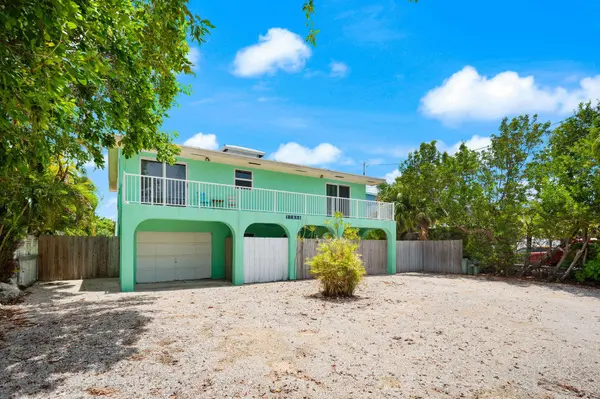 27416 Martinique LN, Ramrod Key, FL 33042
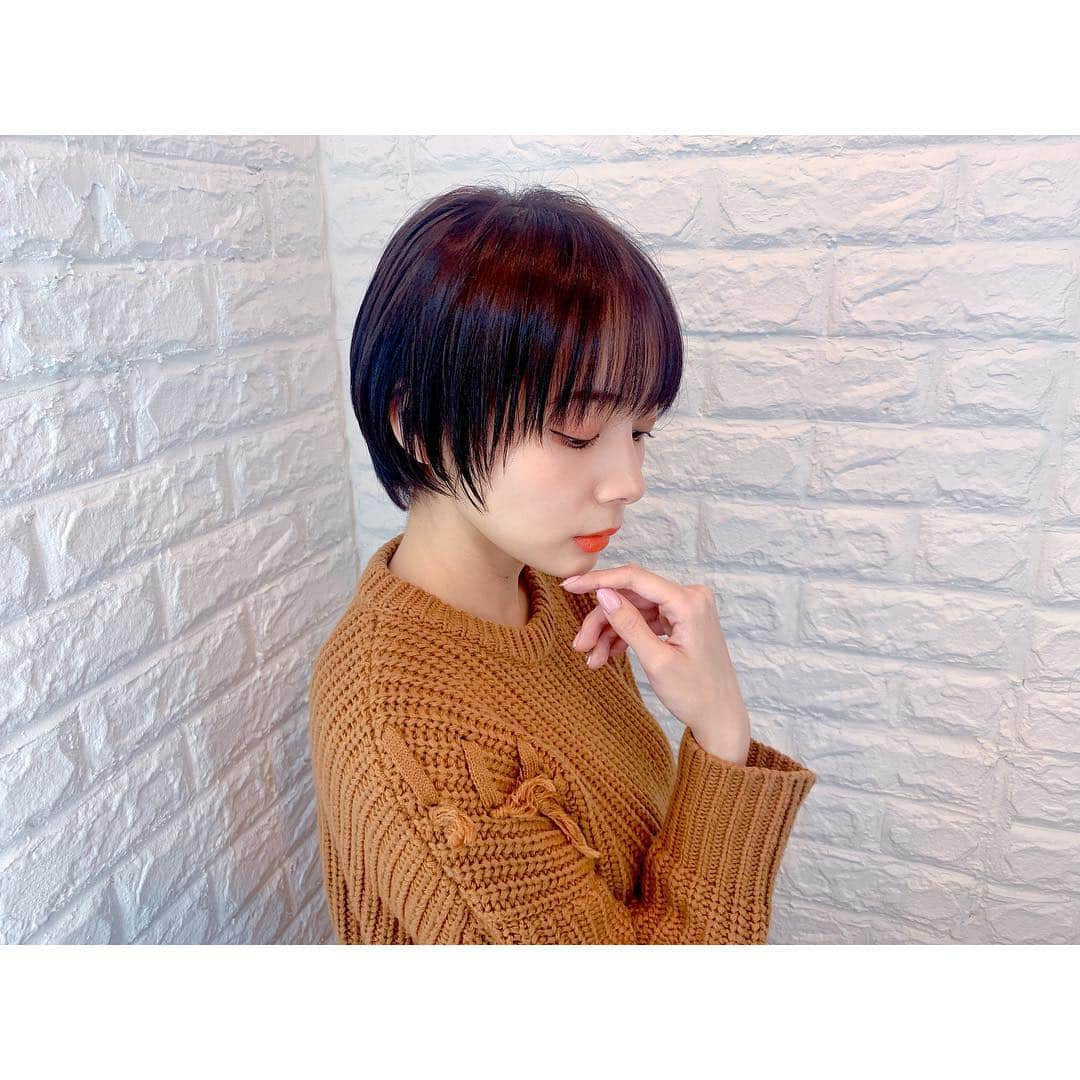 岡田紗佳さんのインスタグラム写真 - (岡田紗佳Instagram)「切りたても、伸びた時もすき💇‍♀️ #ショート @sasage_hair」3月4日 15時40分 - sayaka_okada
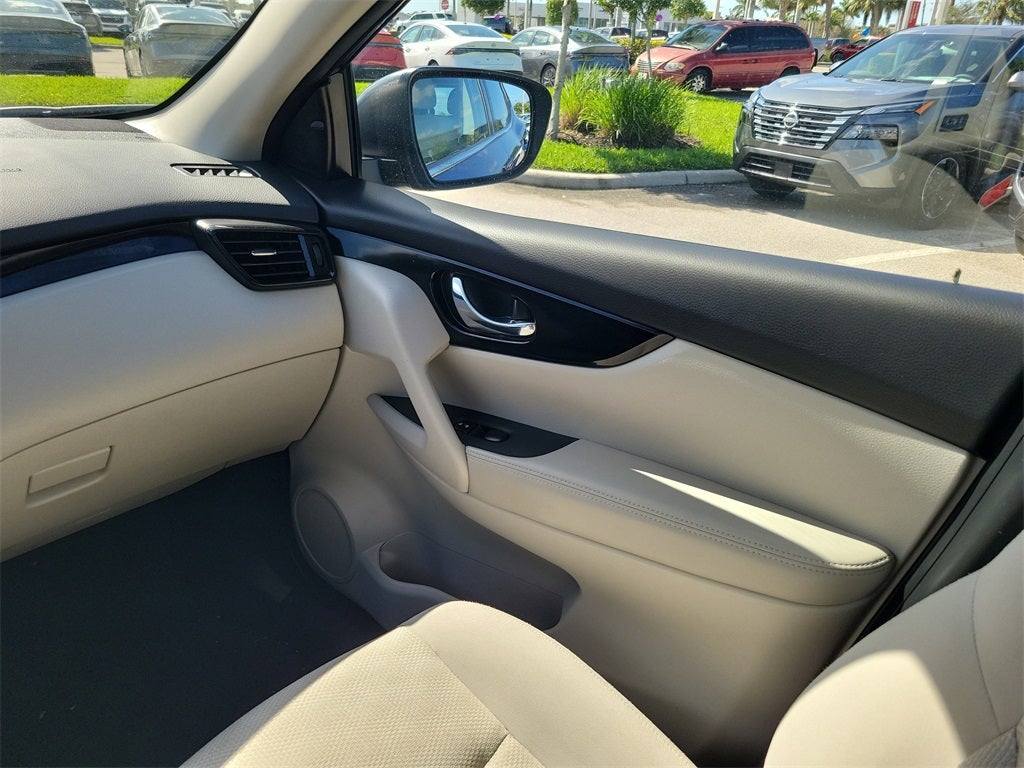 2022 Nissan Rogue Sport SV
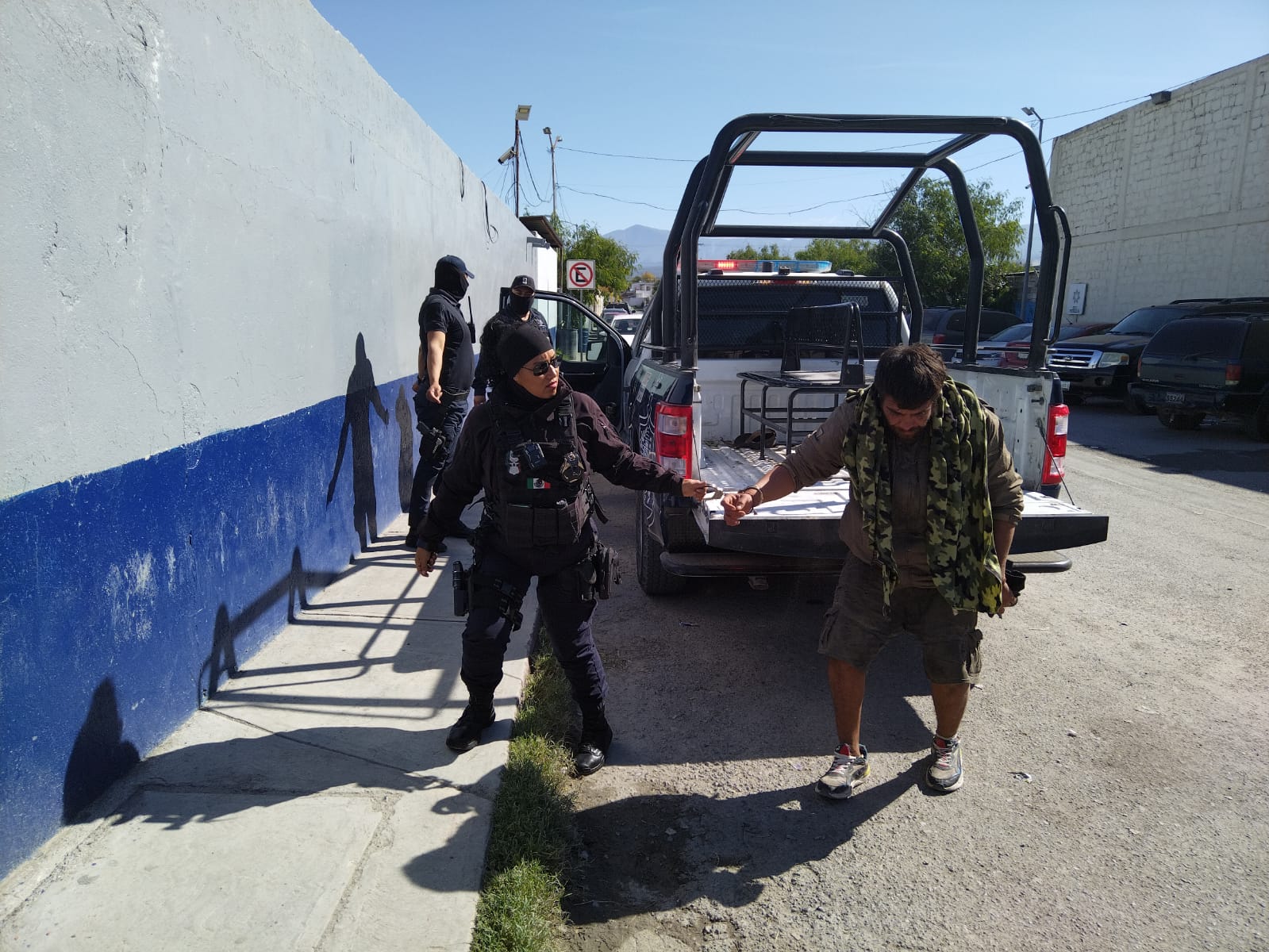 Apedreaba a peatones conflictivo jovenzuelo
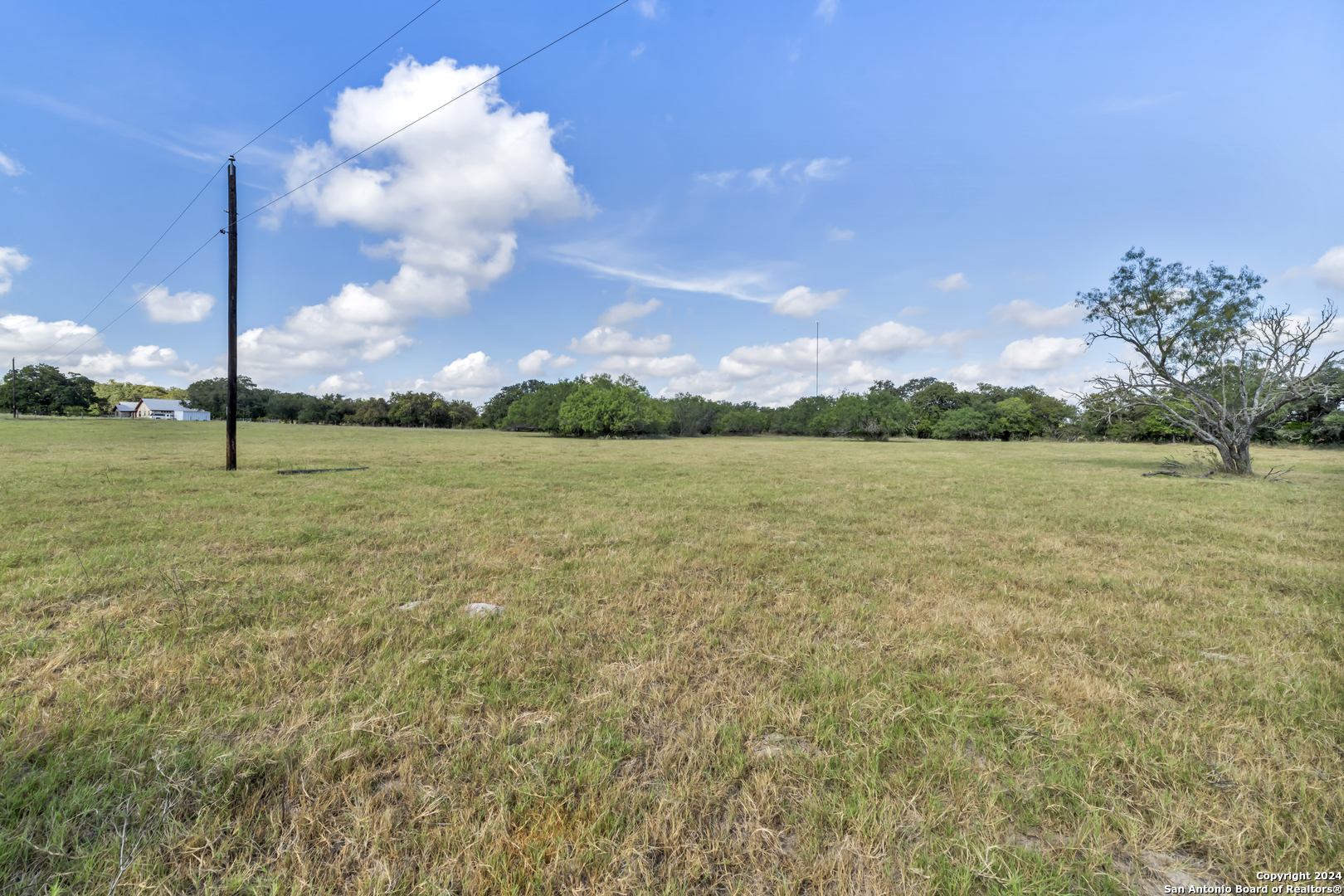 12153 E Us Hwy 87 W La Vernia TX 78121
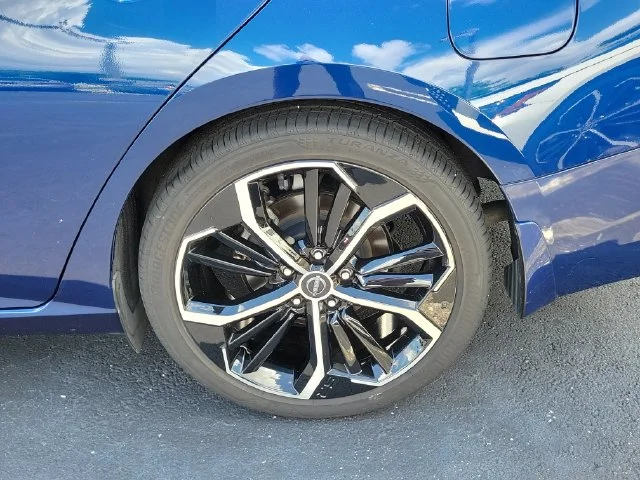 Certified Used 2023 Blue Nissan 2.5 SR image 8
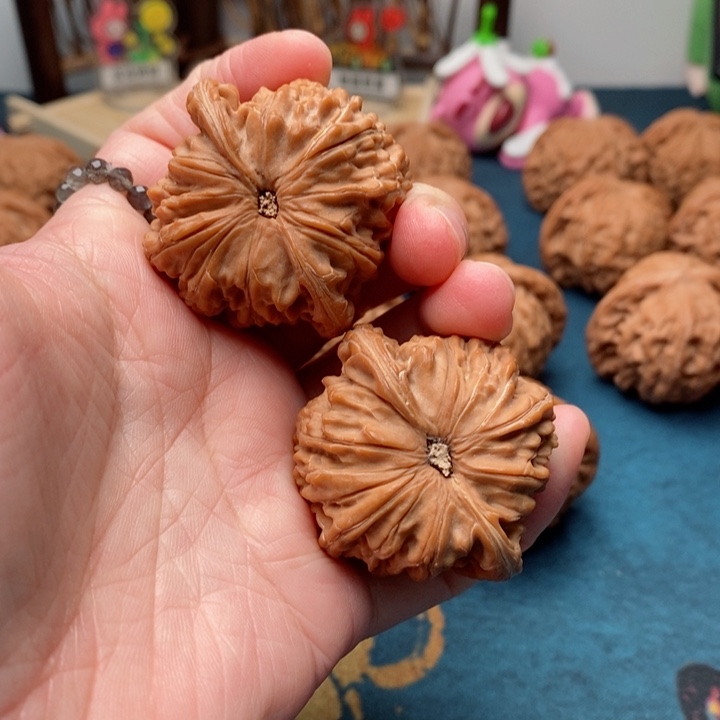 文玩核桃把件四*全品山地磨42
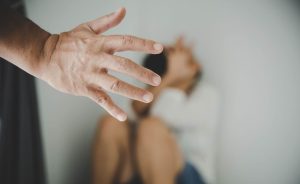 Arrestato 31enne a Villaricca per violenza domestica: “Solo due schiaffi” la sua giustificazione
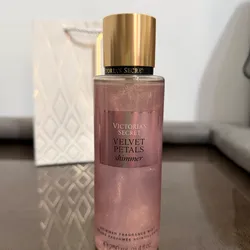 Colonia Velvet Petals Shimmer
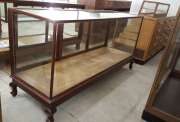 Restaurierte antike ladentheke vitrine 57102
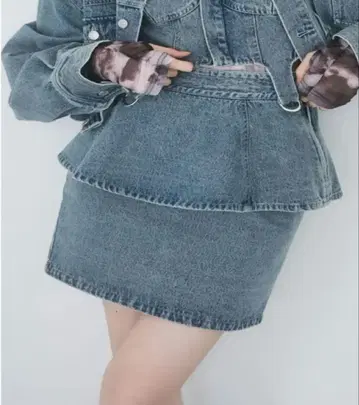 MURUA 페플럼 데님 미니 스커트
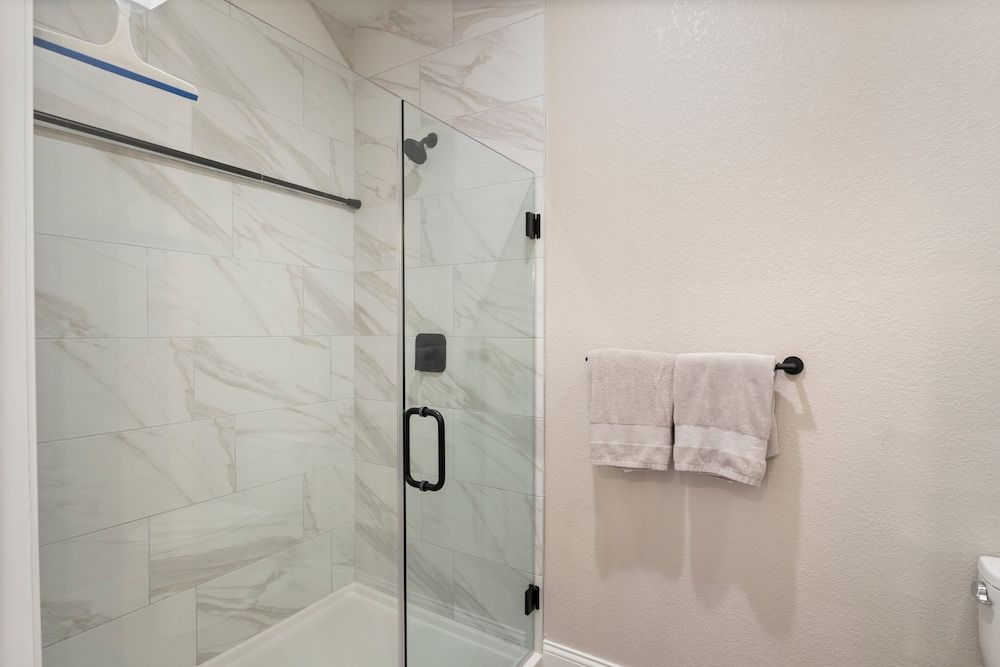 Topsider Experience in the Heart of Osage Beach Condo, Multiple Beds, Pool Access (Acres Away) 35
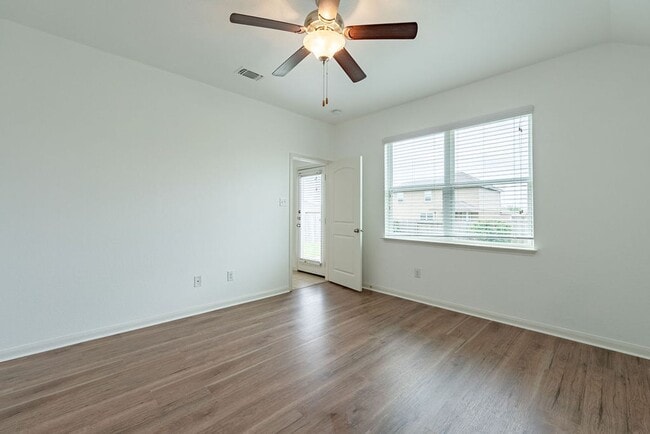 Building Photo - Beautiful 3 bedroom, 2 bathroom home in Manor!!!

______

> [Assignment]: Please write out the lines from the one that holds "Arrestato 31enne a" through the end of the material, both ends included, exactly and with no pictures.

> [Written solution]:
 Arrestato 31enne a Villaricca per violenza domestica: “Solo due schiaffi” la sua giustificazione
 Colonia Velvet Petals Shimmer
 Restaurierte antike ladentheke vitrine 57102
 MURUA 페플럼 데님 미니 스커트
 Topsider Experience in the Heart of Osage Beach Condo, Multiple Beds, Pool Access (Acres Away) 35
 Building Photo - Beautiful 3 bedroom, 2 bathroom home in Manor!!!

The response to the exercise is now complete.